(Beginning of Data provided)
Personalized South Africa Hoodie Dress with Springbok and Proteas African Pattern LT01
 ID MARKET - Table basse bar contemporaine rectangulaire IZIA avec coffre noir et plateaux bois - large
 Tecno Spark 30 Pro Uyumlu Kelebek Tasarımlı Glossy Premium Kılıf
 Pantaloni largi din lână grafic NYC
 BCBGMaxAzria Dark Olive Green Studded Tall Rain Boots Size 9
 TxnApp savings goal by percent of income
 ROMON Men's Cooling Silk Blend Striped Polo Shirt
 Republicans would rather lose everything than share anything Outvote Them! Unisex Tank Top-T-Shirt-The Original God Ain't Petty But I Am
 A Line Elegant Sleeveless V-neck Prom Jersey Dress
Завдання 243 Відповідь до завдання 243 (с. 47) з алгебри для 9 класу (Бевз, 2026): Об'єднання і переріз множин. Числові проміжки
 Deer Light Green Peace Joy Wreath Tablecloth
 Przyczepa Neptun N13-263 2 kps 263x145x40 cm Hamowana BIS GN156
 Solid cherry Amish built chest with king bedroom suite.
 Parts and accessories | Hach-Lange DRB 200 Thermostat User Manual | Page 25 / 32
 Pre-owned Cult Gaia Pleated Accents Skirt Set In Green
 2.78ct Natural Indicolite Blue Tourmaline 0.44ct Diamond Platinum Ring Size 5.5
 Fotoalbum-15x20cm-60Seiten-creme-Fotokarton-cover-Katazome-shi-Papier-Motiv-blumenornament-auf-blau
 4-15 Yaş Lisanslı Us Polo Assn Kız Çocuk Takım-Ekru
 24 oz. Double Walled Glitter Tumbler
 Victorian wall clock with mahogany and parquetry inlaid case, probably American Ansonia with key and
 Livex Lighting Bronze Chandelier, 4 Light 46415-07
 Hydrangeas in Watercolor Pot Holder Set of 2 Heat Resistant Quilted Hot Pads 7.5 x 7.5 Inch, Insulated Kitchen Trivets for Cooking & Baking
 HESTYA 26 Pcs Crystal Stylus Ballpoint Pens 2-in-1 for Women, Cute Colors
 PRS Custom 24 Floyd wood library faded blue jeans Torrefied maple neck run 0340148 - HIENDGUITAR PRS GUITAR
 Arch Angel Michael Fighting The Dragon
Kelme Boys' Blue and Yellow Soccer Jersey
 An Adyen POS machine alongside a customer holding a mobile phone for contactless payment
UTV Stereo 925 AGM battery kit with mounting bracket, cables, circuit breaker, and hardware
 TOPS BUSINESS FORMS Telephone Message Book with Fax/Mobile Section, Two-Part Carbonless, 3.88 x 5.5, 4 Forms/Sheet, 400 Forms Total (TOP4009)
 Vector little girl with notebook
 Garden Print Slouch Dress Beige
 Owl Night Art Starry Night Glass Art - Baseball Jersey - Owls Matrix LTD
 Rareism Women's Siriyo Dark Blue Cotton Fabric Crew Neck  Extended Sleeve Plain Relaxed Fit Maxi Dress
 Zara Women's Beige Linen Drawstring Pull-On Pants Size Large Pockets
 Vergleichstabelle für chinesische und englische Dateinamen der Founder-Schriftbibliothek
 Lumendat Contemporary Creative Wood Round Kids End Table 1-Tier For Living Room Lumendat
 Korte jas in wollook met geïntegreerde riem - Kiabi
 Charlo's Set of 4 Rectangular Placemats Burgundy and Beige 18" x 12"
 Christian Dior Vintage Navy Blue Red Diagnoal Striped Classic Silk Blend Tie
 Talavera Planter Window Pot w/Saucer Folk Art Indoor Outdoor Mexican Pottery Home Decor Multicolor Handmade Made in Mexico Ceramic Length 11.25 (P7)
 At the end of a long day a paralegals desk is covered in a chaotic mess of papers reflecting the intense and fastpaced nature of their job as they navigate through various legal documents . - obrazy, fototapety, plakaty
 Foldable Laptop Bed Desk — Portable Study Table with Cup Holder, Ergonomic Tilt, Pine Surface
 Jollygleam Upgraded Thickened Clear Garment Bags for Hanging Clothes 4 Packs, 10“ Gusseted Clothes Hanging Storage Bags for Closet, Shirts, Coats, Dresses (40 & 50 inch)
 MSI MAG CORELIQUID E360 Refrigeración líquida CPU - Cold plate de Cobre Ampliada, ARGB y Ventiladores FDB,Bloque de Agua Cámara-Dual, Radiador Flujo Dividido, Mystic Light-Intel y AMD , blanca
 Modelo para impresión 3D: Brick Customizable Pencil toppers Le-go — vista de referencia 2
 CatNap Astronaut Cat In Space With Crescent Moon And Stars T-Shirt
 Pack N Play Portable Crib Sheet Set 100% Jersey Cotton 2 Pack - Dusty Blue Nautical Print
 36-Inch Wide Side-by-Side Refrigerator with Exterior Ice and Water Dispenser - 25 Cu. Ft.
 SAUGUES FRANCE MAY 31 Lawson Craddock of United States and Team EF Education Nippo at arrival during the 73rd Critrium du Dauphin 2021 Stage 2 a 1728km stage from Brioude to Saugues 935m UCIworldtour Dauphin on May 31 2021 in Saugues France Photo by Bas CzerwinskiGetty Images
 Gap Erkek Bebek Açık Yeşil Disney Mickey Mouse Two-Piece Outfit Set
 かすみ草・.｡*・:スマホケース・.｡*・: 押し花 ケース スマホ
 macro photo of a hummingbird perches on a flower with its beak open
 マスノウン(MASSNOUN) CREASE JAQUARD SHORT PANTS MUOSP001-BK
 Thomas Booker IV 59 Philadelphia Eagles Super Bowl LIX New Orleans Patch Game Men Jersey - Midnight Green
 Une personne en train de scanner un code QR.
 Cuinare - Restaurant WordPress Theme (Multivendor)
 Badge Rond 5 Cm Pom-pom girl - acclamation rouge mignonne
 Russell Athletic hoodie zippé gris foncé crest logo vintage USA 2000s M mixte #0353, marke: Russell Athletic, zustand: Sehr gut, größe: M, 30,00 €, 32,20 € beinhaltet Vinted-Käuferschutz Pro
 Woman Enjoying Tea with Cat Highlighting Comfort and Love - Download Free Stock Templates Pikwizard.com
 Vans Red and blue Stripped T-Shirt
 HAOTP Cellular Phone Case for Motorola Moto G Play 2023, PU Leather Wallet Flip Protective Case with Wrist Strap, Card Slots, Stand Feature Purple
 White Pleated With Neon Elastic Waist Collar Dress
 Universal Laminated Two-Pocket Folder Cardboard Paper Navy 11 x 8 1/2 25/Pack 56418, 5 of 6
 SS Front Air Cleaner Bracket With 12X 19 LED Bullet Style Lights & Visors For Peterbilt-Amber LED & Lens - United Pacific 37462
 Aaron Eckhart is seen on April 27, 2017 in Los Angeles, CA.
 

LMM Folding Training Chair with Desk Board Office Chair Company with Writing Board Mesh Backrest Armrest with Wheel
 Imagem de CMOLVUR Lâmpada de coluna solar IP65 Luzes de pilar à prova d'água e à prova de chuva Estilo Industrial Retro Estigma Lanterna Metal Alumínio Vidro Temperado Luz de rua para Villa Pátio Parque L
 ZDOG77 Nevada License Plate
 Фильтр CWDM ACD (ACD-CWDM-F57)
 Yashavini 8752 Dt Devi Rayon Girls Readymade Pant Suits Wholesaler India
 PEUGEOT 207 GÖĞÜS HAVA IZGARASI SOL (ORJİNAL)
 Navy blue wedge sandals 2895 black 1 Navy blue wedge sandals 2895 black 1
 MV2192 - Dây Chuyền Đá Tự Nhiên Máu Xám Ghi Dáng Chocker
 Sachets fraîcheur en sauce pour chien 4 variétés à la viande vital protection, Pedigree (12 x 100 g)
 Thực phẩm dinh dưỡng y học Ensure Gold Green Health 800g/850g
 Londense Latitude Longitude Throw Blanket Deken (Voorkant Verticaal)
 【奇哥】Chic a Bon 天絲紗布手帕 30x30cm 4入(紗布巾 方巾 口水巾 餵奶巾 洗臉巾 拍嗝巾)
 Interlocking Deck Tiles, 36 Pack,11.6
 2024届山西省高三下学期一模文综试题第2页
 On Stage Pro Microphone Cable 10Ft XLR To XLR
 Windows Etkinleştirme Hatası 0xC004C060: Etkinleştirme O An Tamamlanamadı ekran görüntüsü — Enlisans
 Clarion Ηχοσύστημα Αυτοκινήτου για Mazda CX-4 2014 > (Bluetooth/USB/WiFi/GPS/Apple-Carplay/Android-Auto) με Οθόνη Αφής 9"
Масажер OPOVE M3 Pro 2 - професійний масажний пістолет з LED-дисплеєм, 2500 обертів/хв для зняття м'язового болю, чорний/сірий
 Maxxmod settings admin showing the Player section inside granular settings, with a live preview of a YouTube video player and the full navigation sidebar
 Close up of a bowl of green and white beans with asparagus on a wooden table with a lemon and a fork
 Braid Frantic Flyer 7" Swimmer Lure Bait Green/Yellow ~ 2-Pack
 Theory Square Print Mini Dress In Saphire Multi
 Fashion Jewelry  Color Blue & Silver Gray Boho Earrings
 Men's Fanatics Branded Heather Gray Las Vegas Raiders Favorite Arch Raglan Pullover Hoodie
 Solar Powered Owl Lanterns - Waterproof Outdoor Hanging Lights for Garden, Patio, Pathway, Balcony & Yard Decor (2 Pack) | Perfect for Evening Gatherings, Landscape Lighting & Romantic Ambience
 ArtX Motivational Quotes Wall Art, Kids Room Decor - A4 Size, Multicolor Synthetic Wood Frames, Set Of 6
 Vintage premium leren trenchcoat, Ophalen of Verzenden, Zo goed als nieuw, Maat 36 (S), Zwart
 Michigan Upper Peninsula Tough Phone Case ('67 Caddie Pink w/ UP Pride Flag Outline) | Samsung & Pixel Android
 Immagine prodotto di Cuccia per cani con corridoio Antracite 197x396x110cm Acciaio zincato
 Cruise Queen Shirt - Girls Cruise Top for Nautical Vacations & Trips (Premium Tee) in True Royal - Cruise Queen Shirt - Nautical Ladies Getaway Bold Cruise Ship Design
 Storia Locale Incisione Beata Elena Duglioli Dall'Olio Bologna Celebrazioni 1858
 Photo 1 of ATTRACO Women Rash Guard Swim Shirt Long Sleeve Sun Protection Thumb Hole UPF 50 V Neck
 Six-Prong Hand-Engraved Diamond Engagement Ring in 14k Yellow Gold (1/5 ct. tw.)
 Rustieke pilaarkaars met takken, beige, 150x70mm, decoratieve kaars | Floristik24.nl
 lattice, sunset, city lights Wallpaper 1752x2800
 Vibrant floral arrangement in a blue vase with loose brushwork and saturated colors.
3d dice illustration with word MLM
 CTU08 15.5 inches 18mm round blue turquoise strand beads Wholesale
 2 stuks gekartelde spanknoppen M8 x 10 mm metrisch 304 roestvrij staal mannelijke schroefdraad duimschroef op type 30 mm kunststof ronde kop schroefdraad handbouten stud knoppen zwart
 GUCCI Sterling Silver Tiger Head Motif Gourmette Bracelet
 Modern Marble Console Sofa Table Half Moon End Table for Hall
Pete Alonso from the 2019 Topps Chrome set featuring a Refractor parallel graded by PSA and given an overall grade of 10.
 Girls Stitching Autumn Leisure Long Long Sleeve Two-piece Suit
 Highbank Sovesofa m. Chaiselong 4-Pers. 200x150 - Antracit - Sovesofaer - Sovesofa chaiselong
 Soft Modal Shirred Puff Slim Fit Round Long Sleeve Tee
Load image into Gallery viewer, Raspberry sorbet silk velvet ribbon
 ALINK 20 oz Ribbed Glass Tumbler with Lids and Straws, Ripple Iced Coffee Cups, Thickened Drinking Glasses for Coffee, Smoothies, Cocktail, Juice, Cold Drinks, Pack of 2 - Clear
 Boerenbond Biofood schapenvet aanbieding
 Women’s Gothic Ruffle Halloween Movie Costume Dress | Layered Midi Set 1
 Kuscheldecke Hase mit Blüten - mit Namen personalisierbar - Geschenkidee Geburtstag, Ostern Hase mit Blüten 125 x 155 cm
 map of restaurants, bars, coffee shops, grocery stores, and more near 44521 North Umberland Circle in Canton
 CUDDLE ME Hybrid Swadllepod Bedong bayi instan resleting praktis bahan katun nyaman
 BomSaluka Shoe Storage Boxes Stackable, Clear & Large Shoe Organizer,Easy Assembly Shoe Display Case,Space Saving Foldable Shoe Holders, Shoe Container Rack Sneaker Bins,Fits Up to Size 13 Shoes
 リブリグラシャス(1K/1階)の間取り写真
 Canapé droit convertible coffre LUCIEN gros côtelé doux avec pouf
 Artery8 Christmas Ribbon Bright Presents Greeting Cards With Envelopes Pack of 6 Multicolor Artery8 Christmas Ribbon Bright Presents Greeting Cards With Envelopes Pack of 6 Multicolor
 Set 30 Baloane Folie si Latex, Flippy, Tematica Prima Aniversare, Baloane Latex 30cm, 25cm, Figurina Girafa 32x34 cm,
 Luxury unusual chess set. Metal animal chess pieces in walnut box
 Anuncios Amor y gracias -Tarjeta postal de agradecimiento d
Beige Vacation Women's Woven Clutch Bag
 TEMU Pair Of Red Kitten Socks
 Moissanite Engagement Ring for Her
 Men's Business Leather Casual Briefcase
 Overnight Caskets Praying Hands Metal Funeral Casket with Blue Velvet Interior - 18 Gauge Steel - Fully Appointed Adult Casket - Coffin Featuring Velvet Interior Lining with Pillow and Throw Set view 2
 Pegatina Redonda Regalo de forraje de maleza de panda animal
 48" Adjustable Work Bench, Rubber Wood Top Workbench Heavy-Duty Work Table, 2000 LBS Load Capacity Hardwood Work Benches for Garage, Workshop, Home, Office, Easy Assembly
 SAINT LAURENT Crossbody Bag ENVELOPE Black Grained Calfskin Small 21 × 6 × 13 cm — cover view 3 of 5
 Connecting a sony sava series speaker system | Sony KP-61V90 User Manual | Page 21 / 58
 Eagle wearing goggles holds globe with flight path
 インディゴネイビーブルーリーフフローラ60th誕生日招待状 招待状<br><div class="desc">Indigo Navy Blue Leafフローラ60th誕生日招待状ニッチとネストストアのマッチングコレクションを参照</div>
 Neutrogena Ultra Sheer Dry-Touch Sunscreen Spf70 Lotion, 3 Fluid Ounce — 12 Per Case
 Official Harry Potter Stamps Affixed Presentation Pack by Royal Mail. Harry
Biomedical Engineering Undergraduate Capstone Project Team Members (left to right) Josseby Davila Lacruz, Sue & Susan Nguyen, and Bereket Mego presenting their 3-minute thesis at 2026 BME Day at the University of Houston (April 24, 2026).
(End of Data provided)
◆ What the task requires ◆
From the data above, reproduce word for word the lines running from the line with "Photo 1 of ATTRACO" to the line with "Modern Marble Console", ends included.

◆ Written solution ◆
 Photo 1 of ATTRACO Women Rash Guard Swim Shirt Long Sleeve Sun Protection Thumb Hole UPF 50 V Neck
 Six-Prong Hand-Engraved Diamond Engagement Ring in 14k Yellow Gold (1/5 ct. tw.)
 Rustieke pilaarkaars met takken, beige, 150x70mm, decoratieve kaars | Floristik24.nl
 lattice, sunset, city lights Wallpaper 1752x2800
 Vibrant floral arrangement in a blue vase with loose brushwork and saturated colors.
3d dice illustration with word MLM
 CTU08 15.5 inches 18mm round blue turquoise strand beads Wholesale
 2 stuks gekartelde spanknoppen M8 x 10 mm metrisch 304 roestvrij staal mannelijke schroefdraad duimschroef op type 30 mm kunststof ronde kop schroefdraad handbouten stud knoppen zwart
 GUCCI Sterling Silver Tiger Head Motif Gourmette Bracelet
 Modern Marble Console Sofa Table Half Moon End Table for Hall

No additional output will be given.